2018-05-09 09:32:20 UTC - Byron: @Idan I setup a cluster on k8s, no tuning 
(frankly I am completely new to tuning things on the JVM) and easily achieve 
your throughput requirements.
----
2018-05-09 09:32:34 UTC - Byron: @Byron uploaded a file: 
<https://apache-pulsar.slack.com/files/UACD54WB1/FALNQVA8J/pulsar-dash.png|pulsar-dash.png>
----
2018-05-09 09:33:13 UTC - Byron: the irregular patterns are because i am still 
testing workloads on it, but it has been running for several days without issue 
so far.
----
2018-05-09 09:34:48 UTC - Byron: just mentioning my anecdote to hopefully 
reduce your doubt
+1 : Sijie Guo, Ali Ahmed, Matteo Merli
----
2018-05-09 09:53:56 UTC - Idan: Thank you guys. Ill take this under 
considerations
----
2018-05-09 13:34:20 UTC - William Fry: @William Fry has joined the channel
----
2018-05-09 15:33:24 UTC - Rob V: Hi there, regarding Pulsar Functions, the only 
comparable solution that I know of is Kafka Streams, where you deploy a Java 
application that does the message transformation. In my experience running 
Kafka and Kafka Streams in production under significant workload is that you do 
have to be careful configuring your application (memory/CPU/Kafka 
consumer/producer fine-tuning). Although Functions sound like an interesting 
idea, how does it supposed to scale and make sure that functions running on the 
cluster won't have an impact on the cluster itself? Also, does it support state 
handling like Kafka Streams does?
----
2018-05-09 15:41:38 UTC - George Goranov: @George Goranov has joined the channel
----
2018-05-09 16:39:01 UTC - Matteo Merli: &gt; Although Functions sound like an 
interesting idea, how does it supposed to scale and make sure that functions 
running on the cluster won’t have an impact on the cluster itself?

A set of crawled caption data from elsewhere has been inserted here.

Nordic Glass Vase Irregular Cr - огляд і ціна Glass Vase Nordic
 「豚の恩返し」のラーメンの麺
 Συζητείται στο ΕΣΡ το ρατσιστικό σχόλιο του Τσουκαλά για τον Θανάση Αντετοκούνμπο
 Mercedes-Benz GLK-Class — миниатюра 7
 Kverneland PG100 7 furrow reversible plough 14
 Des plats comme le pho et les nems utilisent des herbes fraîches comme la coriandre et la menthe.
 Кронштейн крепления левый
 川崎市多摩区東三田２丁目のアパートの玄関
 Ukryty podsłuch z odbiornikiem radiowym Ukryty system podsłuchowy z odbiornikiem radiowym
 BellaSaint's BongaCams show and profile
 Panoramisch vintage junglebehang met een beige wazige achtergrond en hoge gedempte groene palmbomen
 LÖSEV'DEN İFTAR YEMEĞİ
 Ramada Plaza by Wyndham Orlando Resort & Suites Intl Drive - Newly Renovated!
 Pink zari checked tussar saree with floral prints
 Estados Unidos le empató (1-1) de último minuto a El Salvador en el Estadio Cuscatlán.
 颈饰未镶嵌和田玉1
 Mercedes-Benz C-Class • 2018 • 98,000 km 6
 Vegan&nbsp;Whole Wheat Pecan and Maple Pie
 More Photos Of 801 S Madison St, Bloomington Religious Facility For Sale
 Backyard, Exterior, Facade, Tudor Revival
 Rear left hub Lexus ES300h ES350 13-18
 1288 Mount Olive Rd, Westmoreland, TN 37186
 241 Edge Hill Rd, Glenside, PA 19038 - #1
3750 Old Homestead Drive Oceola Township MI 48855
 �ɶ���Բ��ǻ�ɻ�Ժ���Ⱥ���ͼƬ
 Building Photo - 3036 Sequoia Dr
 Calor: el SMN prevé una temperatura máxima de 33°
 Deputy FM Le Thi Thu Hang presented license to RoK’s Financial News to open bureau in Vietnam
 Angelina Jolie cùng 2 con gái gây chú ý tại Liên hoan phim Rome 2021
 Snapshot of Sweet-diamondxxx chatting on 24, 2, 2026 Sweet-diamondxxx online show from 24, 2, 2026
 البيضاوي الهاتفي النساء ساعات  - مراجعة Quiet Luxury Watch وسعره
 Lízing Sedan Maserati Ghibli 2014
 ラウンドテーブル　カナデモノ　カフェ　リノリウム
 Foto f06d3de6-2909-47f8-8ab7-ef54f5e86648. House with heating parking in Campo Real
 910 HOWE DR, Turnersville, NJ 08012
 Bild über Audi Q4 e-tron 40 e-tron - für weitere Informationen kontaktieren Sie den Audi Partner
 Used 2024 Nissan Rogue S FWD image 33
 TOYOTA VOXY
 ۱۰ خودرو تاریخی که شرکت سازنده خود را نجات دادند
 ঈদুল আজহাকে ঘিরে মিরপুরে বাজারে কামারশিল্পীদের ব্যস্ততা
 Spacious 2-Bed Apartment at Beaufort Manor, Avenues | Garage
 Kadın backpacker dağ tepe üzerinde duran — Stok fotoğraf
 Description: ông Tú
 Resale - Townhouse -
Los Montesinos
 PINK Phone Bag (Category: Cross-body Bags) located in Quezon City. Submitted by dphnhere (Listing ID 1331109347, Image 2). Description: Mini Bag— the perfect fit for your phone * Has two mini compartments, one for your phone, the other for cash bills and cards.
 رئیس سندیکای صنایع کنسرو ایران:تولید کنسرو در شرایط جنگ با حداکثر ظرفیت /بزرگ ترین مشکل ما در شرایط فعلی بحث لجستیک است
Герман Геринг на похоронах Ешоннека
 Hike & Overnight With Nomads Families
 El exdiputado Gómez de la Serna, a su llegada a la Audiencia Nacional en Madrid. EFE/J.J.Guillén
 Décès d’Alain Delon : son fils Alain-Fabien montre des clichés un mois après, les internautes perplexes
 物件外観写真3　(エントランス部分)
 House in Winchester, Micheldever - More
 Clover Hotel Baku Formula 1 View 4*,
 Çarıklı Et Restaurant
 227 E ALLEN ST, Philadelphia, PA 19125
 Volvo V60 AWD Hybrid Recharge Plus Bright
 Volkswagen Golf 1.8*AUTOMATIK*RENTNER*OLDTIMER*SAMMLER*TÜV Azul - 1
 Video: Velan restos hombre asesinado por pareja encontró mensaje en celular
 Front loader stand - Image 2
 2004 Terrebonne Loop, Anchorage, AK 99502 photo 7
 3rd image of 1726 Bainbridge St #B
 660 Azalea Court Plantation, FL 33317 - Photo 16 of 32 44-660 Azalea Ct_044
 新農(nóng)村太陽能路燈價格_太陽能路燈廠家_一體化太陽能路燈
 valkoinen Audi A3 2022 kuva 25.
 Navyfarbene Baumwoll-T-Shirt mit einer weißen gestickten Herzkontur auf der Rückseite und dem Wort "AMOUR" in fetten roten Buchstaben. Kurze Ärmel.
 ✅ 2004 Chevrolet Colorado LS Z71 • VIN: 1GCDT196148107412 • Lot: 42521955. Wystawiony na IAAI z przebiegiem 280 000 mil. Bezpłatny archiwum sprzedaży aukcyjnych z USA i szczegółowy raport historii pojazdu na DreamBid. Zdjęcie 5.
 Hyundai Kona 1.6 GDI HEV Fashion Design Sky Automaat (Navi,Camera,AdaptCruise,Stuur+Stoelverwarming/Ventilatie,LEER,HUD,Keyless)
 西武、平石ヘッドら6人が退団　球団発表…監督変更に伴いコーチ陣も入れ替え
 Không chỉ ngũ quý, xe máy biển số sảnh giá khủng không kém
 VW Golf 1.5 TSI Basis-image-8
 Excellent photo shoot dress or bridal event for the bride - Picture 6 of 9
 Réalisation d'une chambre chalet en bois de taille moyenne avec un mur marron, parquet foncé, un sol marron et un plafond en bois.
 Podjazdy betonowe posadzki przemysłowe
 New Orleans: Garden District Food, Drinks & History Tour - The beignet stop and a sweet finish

@Rob V There are different deployment options : 
 * Local runner (similar to Kafka streams, you start your instances 
independently) 
 * Managed mode — There’s a pool of workers that executes instances of the 
functions. The workers can run as part of broker (make sense for a small 
single-tenant cluster) or as a separate service layer. Inside each worker, 
function instances can run as threads, processes or, in near future, as 
containers
----
2018-05-09 16:44:07 UTC - Rob V: thank you @Matteo Merli
----
2018-05-09 17:13:32 UTC - Sebastian Schepens: @Sebastian Schepens has joined 
the channel
----
2018-05-09 17:44:08 UTC - Karthik Palanivelu: Hi there, I am getting the 
following error when starting standalone in RHEL7 box. It is snot using the IP 
from Client.conf and using 127.0.0.1 which is failing in this case. Can you 
please let me know which setting need to be changed for that IP?
----
2018-05-09 17:44:15 UTC - Karthik Palanivelu: @Karthik Palanivelu uploaded a 
file: <https://apache-pulsar.slack.com/files/U7VRE0Q1G/FALFZ3Z33/-.lua|Untitled>
----
2018-05-09 17:51:15 UTC - Karthik Palanivelu: @Karthik Palanivelu uploaded a 
file: <https://apache-pulsar.slack.com/files/U7VRE0Q1G/FAN45KQ23/-.php|Untitled>
----
2018-05-09 17:53:17 UTC - Matteo Merli: @Karthikeyan Palanivelu In this case it 
is the functions worker embedded in the standalone service. You can disable 
functions worker, if you’re not using that, by passing the 
`--no-functions-worker` to the `pulsar standalone` command
----
2018-05-09 18:05:54 UTC - Karthik Palanivelu: @Matteo Merli That works, Is 
there a separate config to add the IP or it should read from client.conf? 
Please let me know where it is picking the 127.0.0.1 from?
----
2018-05-09 18:24:13 UTC - Matteo Merli: The function worker is trying to use 
some topics for its internal management. In standalone mode we assume 
connecting to 127.0.0.1 is always working (which might not be true in your case)
----
2018-05-09 18:34:24 UTC - Daniel Ferreira Jorge: Hi, I'm running a small pulsar 
cluster in production on kubernetes (GKE). It has 5 bookies (one bookie per 
node), each one with a 3TB Persistent disk. The brokers are in another set of 
nodes, so is the zookeeper cluster. The write quorum is 3 and ack quorum is 2. 
I need to migrate this 5 bookies to a new set of 5 nodes, without downtime and 
without impacting producers and consumers. I'm trying to avoid having to use 
auto-recovery since this will have to copy the data of each old bookie to each 
new bookie and this will take a long time. This procedure has to be done 
periodically (roughly every 3 months) so the worker nodes in GKE can keep up 
with newer kubernetes versions on the master nodes.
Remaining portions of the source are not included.